*Stored entries*
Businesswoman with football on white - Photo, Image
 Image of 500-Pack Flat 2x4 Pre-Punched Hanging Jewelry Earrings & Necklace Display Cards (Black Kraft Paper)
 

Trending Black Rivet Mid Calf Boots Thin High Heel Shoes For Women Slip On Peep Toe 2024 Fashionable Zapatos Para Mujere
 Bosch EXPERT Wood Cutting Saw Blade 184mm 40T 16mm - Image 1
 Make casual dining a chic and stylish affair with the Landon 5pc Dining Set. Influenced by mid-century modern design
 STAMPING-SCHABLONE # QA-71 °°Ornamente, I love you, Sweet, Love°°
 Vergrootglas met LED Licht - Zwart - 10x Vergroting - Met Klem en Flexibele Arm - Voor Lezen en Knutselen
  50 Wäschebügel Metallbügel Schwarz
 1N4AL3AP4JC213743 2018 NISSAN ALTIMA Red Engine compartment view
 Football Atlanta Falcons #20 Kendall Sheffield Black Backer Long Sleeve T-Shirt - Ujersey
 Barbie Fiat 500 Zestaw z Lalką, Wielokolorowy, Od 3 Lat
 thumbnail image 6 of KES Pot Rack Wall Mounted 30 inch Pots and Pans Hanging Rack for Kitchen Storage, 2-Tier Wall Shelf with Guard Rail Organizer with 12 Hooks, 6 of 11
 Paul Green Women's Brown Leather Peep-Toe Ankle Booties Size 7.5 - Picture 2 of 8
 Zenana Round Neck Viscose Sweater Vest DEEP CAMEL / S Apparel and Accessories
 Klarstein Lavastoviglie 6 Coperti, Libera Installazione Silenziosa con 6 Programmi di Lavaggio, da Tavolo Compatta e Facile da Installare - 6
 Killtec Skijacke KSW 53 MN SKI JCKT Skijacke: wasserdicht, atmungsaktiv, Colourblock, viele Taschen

*Task directions*
Retype the data. Every line must match the original exactly.

*Finished task*
Businesswoman with football on white - Photo, Image
 Image of 500-Pack Flat 2x4 Pre-Punched Hanging Jewelry Earrings & Necklace Display Cards (Black Kraft Paper)
 

Trending Black Rivet Mid Calf Boots Thin High Heel Shoes For Women Slip On Peep Toe 2024 Fashionable Zapatos Para Mujere
 Bosch EXPERT Wood Cutting Saw Blade 184mm 40T 16mm - Image 1
 Make casual dining a chic and stylish affair with the Landon 5pc Dining Set. Influenced by mid-century modern design
 STAMPING-SCHABLONE # QA-71 °°Ornamente, I love you, Sweet, Love°°
 Vergrootglas met LED Licht - Zwart - 10x Vergroting - Met Klem en Flexibele Arm - Voor Lezen en Knutselen
  50 Wäschebügel Metallbügel Schwarz
 1N4AL3AP4JC213743 2018 NISSAN ALTIMA Red Engine compartment view
 Football Atlanta Falcons #20 Kendall Sheffield Black Backer Long Sleeve T-Shirt - Ujersey
 Barbie Fiat 500 Zestaw z Lalką, Wielokolorowy, Od 3 Lat
 thumbnail image 6 of KES Pot Rack Wall Mounted 30 inch Pots and Pans Hanging Rack for Kitchen Storage, 2-Tier Wall Shelf with Guard Rail Organizer with 12 Hooks, 6 of 11
 Paul Green Women's Brown Leather Peep-Toe Ankle Booties Size 7.5 - Picture 2 of 8
 Zenana Round Neck Viscose Sweater Vest DEEP CAMEL / S Apparel and Accessories
 Klarstein Lavastoviglie 6 Coperti, Libera Installazione Silenziosa con 6 Programmi di Lavaggio, da Tavolo Compatta e Facile da Installare - 6
 Killtec Skijacke KSW 53 MN SKI JCKT Skijacke: wasserdicht, atmungsaktiv, Colourblock, viele Taschen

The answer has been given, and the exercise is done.